La notizia non ha sinora provocato clamore, indignazione o particolare interesse dei media. E proprio questo silenzio deve far riflettere sulla situazione in cui versa ormai la questione razziale negli Stati Uniti; esacerbata dal caso George Floyd, brutalmente cavalcata dalla politica, dallo show-business e dallo sport; e oggi giunta ad una drammatica deriva.

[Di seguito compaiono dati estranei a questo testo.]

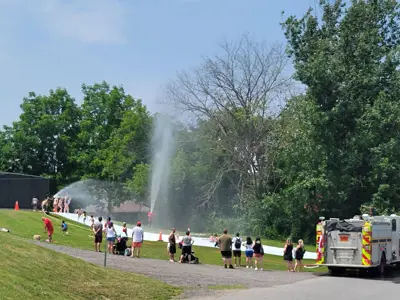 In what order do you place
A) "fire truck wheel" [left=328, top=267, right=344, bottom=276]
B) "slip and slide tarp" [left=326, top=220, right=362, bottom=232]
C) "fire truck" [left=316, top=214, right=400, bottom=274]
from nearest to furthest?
"fire truck" [left=316, top=214, right=400, bottom=274]
"slip and slide tarp" [left=326, top=220, right=362, bottom=232]
"fire truck wheel" [left=328, top=267, right=344, bottom=276]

L’odioso omicidio dell’afroamericano di Minneapolis, circa un anno fa, oggi porta infatti ad una conseguenza altrettanto tragica. A New York, una giovane donna nera al volante della sua macchina, ha investito, sembra volontariamente, un poliziotto bianco che si trovava impegnato ad effettuare dei rilievi di un incidente stradale. In lieve stato di ebbrezza al momento dell’impatto, la donna, solo poche ore prima, aveva trasmesso un video messaggio social in cui si scagliava contro i poliziotti.
L’uomo, Anastasio Tsakos, lascia la moglie e due figli piccoli. Una famiglia distrutta, incolpevole vittima di una spirale d’odio che parte dalle violenze della polizia negli Stati Uniti e che ora si rivolta contro gli stessi poliziotti. Giustificata, e qui risiede la gravità, da una narrativa che nell’ultimo anno ha visto la glorificazione di un movimento, il Black Lives Matter, partito con un nobile fine ma degenerato in violenza, odio razziale e suprematismo nero.
La durezza con cui “la più grande democrazia del mondo” sta colpendo l’agente Chauvin, colpevole di aver ucciso in maniera terribile George Floyd, dovrà essere adottata anche nei confronti di chi mal interpreterà il desiderio di giustizia e parità razziale. Lo scontro sociale, negli Stati Uniti, è sempre dietro l’angolo.